ACTIVITY: Your output should be everything below from the line containing "Under deck storage" down to the line containing "J’aime Maria Coeur", both ends included, copied exactly, with pictures left out.

ENTRIES PROVIDED:
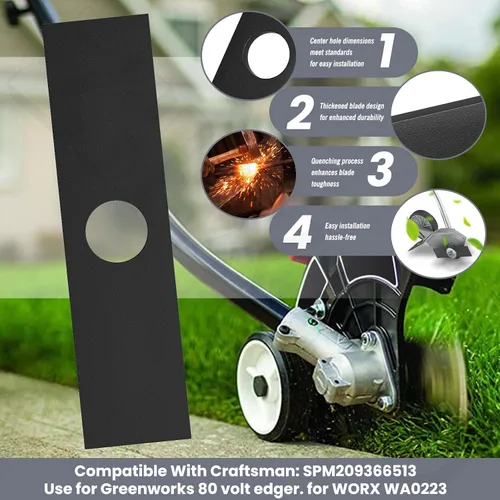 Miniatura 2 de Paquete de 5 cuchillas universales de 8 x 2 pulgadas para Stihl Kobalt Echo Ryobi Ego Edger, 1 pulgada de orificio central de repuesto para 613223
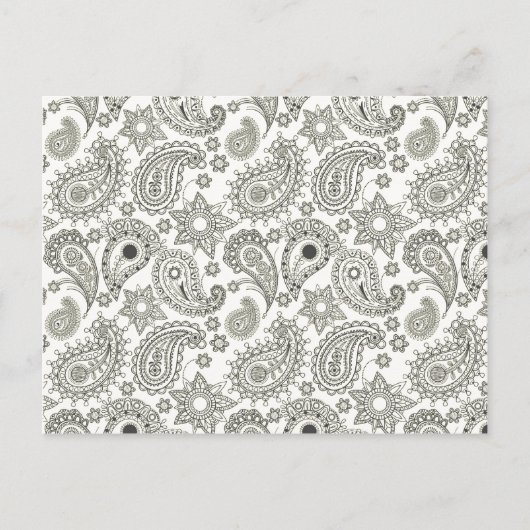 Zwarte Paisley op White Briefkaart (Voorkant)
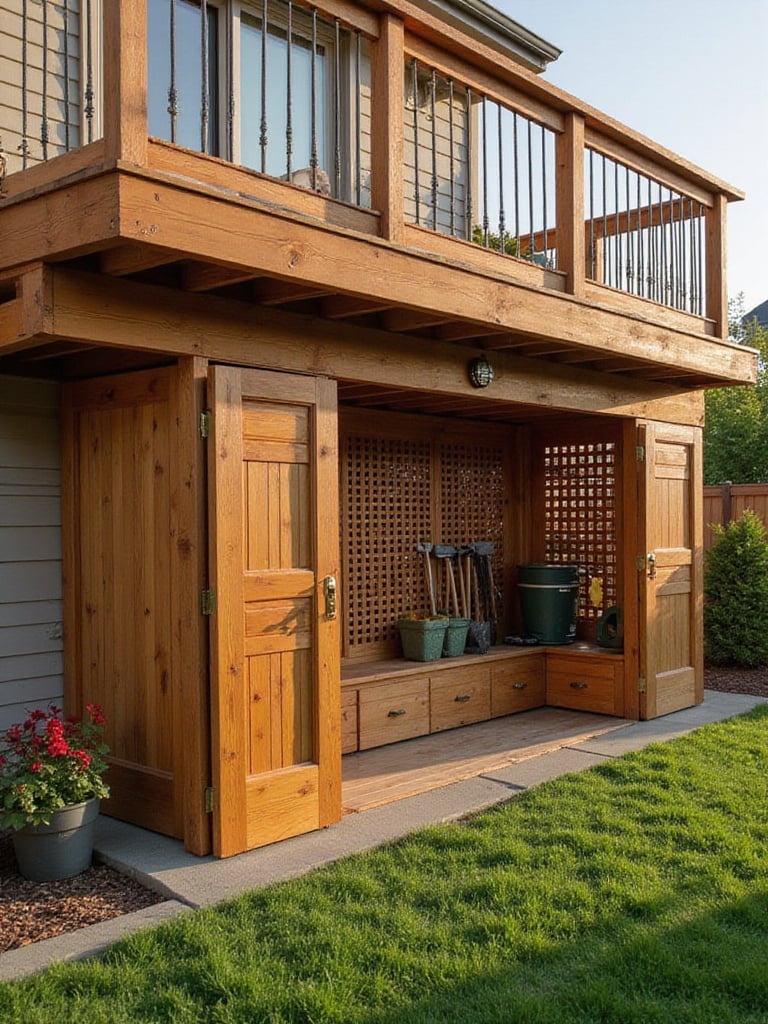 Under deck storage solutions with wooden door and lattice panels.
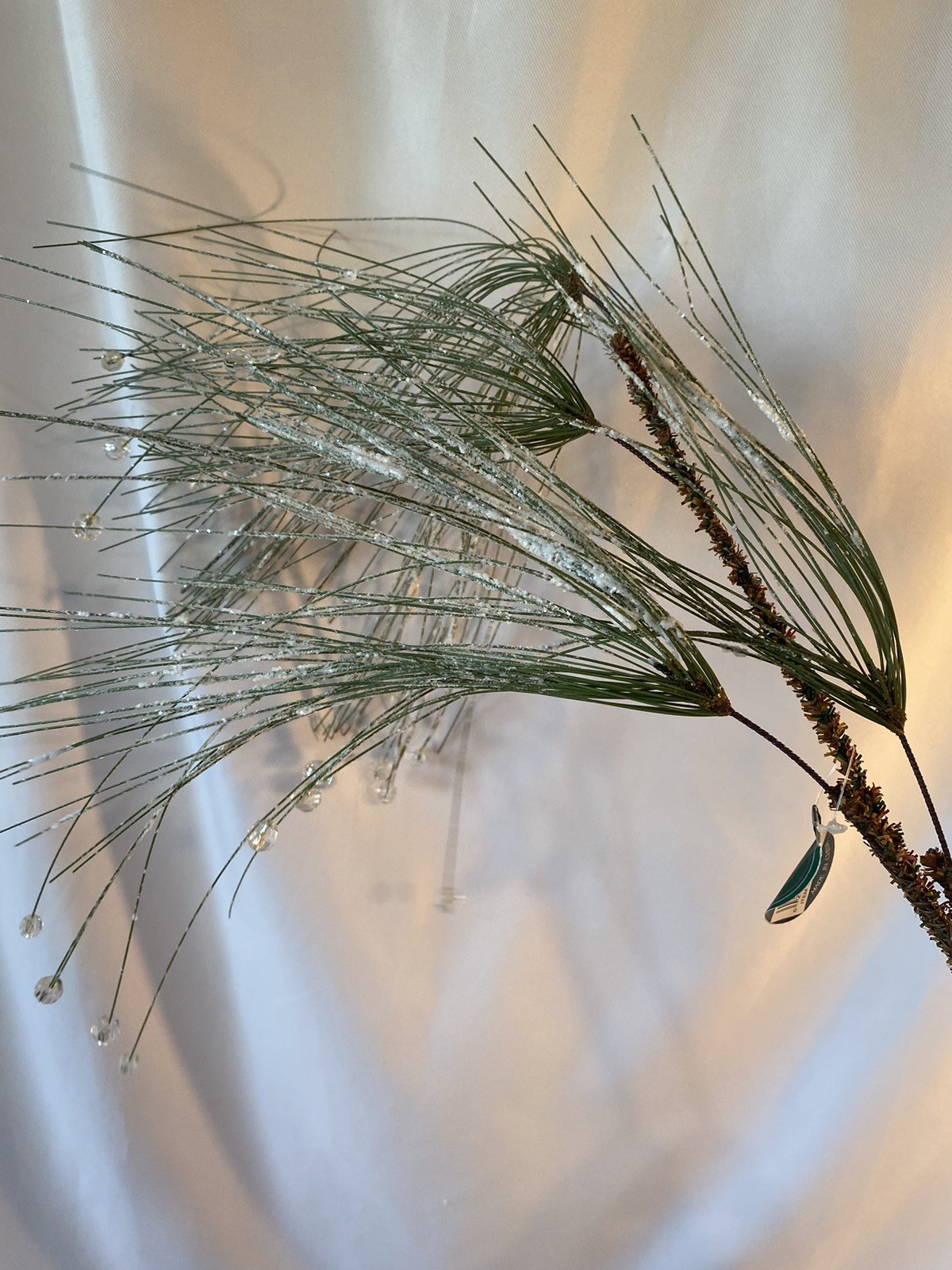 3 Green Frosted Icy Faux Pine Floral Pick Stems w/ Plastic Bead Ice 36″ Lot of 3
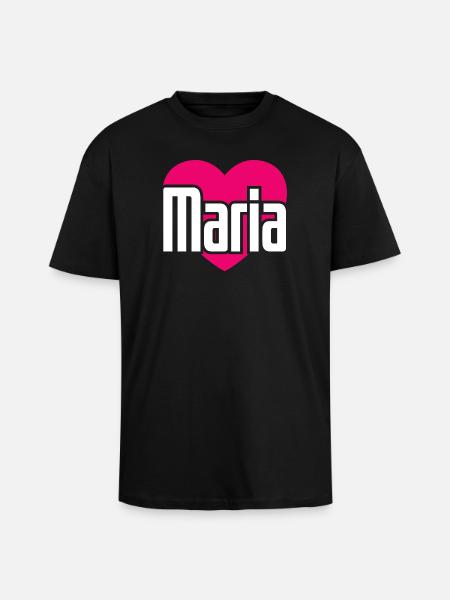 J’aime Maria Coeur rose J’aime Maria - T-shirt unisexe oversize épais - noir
==
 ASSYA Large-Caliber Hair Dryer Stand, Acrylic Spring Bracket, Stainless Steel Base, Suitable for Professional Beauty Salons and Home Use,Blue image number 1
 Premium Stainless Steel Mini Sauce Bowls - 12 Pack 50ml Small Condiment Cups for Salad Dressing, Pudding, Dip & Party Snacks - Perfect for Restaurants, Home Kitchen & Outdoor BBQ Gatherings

WORKED SOLUTION:
 Under deck storage solutions with wooden door and lattice panels.
 3 Green Frosted Icy Faux Pine Floral Pick Stems w/ Plastic Bead Ice 36″ Lot of 3
 J’aime Maria Coeur rose J’aime Maria - T-shirt unisexe oversize épais - noir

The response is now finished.